I don’t mean to turn this blog into my own personal travelogue, but I happened to be at Fort Ticonderoga in upstate New York this summer, and I remembered its connection to the ANS. One of the Society’s presidents used to own it.

Fort Ticonderoga

The fort, at the south end of Lake Champlain, was built in the 1750s by the French. It was later held by both the British and the Americans, but after the War of Independence it crumbled into ruins, stripped of anything useful by scavenging sightseers. In 1820, William Ferris Pell bought the fort and surrounding land from a couple of colleges that had acquired it from the State of New York. He built a home on the property and expanded it into a hotel to capitalize on the tourist trade that had been coming to the site since its abandonment.

It was Pell’s great-grandson Stephen Pell (1874–1950) who became president of the ANS, and he did so at a dire moment, stepping “into the breach” (in the words of the Society’s council) to take the position after the death in 1941 of Edward Newell, who had been president since 1916. 

The ANS’s great benefactor Archer Huntington funded some of the renovations at the fort.

Pell had joined the Society back in 1907 and had served on its council since 1916. He didn’t have much formal schooling—and was “rather proud of the fact that he had little more than an eighth-grade education,” his great-grandson said in a 2005 email—but he had no problem mingling with the upper echelon. In fact, when the ANS and its neighboring institutions at Audubon Terrace were skittish about approaching the imposing benefactor Archer Huntington with a plan to erect a fence there, it was Pell they chose as their emissary. Huntington also funded some of the work at the fort.
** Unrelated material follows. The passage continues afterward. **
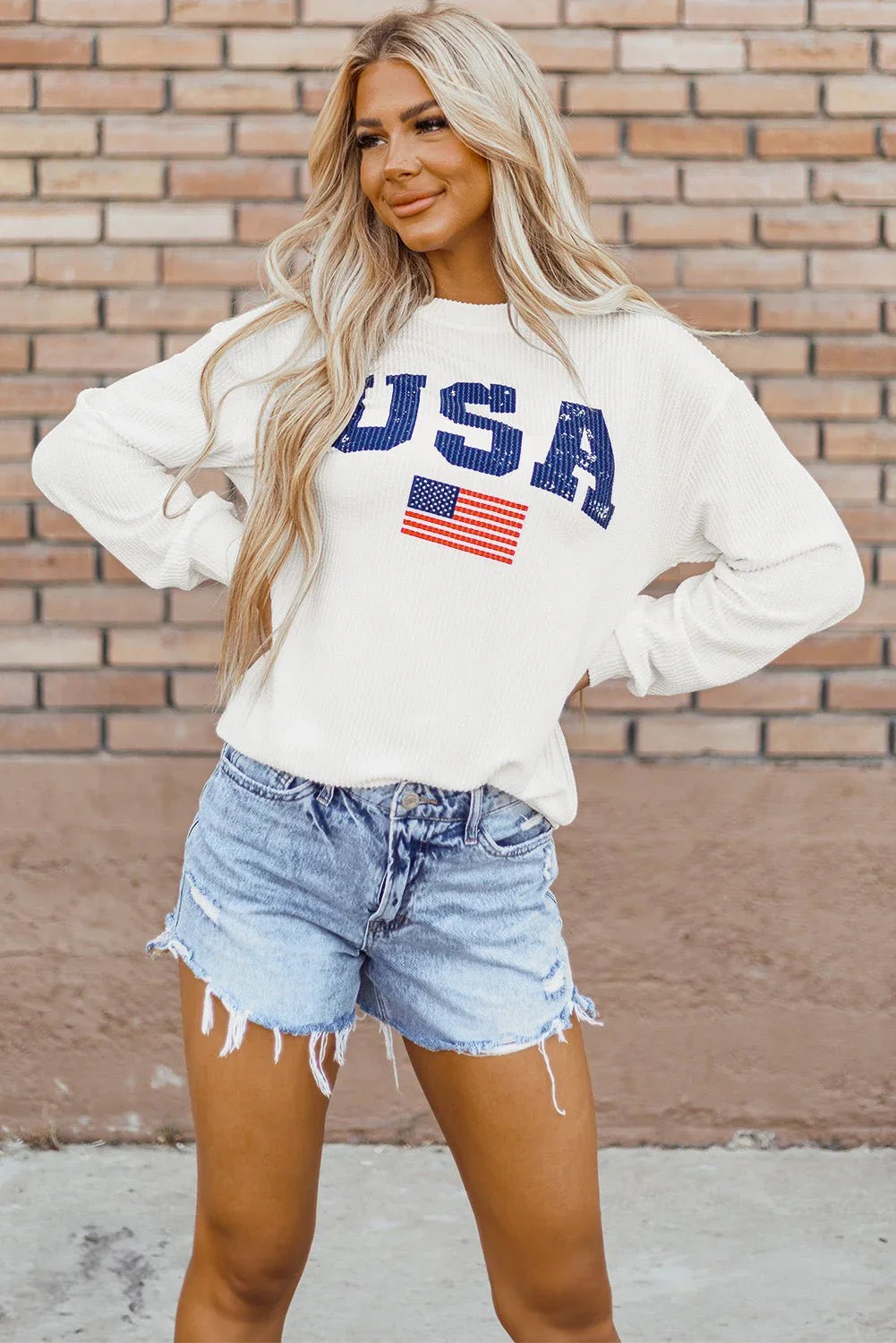 White USA Flag Corded Graphic Sweatshirt - LiberTees for All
ANS librarian and archivist David Hill admires the view from the fort (photograph courtesy of Sadie Hill).

William Ferris Pell’s original property at the fort was divided among his descendants. Stephen Pell bought them all out, and, according to an exhibit label at the fort, came up with a plan to restore and open it to the public while chatting with an architect at a clambake in 1908. The fort formally opened to the public the following year. Much of it has been rebuilt over the years as part of the restoration.

Pell’s book of poetry

Pell served in both the Spanish-American War and World War I, and he expressed his experiences in a book of poetry, Hélène and Other War Verses, which he self-published in 1920. It’s not bad, but it’s not cheerful reading either. Here’s a taste:

Out of the night came the German plane,
Scattering death as it went its way,
Leaving a trail of horror and pain,
Of burned and mangled and crushed and slain,
And there in the wreckage I found Hélène—
Calm and still she lay.
Indian peace medal donated by Stephen Pell, 1915.138.4

In addition to his years of service to the ANS, Pell is remembered for arranging to have his collection of over 30 Indian peace medals be purchased and donated to the Society by various individuals in 1915. He donated five of them himself.

Stephen Pell is buried in the family grave at the fort.

Often we can’t even find photographs, let alone videos, of the historical characters associated with the ANS, but Pell can be seen interacting with visitors at Fort Ticonderoga in a 16 mm film from 1942 here.